There is feces visible in the colon. The colon and the left kidney are displaced ventraly.
The urinary bladder is visible, a urinary catheter is visible.
The colon is probably displaced by the right kidney which is displaced by the retroperitoneum.
The skeletal structures seem to be WNL, but in order to determine that, another view is required.
DD´s: for the renal and colon displacement:
retroperitoneal hemprrhage, raptured ureter, retroperitoneal mass.

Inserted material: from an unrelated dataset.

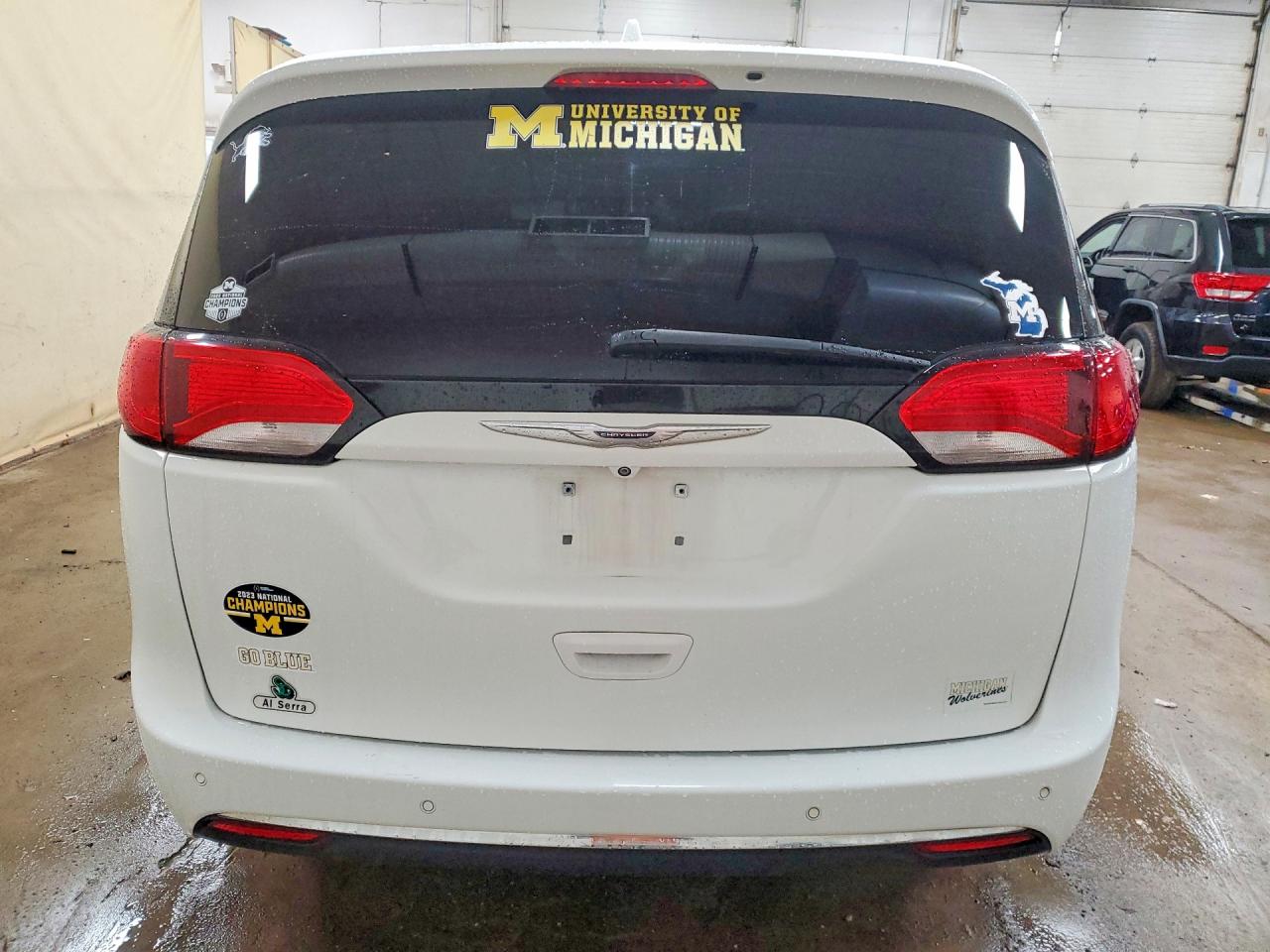 Chrysler Pacifica Limited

For the loss of serosal details:
Small amount of free abdominal fluid (blood, urine, inflamatory, neoplastic), peritonitis
Second view:
Contrast media within the urinary bladder. There is a small filling defect in the ventro-dorsal aspect of the bladder. The contrast media is also visible in the retroperitoneal space probably due to a ruptured ureter
February 16th, 2008 at 8:20 am
I wonder about the appearance of the extra-abdominal fat in the inguinal region. There appears to be fluid opacity streaking through this tissue and in the retroperitoneum. Following contrast application there is leakage into the pelvic/perineal region and the inguinal tissues. A ureteral tear may be in play here, but I would be suspicious that the pelvic urethra has also been breached.
Dan
February 17th, 2008 at 7:59 pm
I agree with Dan. On cystography, contrast media leaked maily in the pelvic area, so urethral rupture would be the top differential. Although the ureters might be ruptured in this case, contrast media in the retroperitoneum might not be an evidence of ureteral rupture because it was not IVP but cytography performed on this case.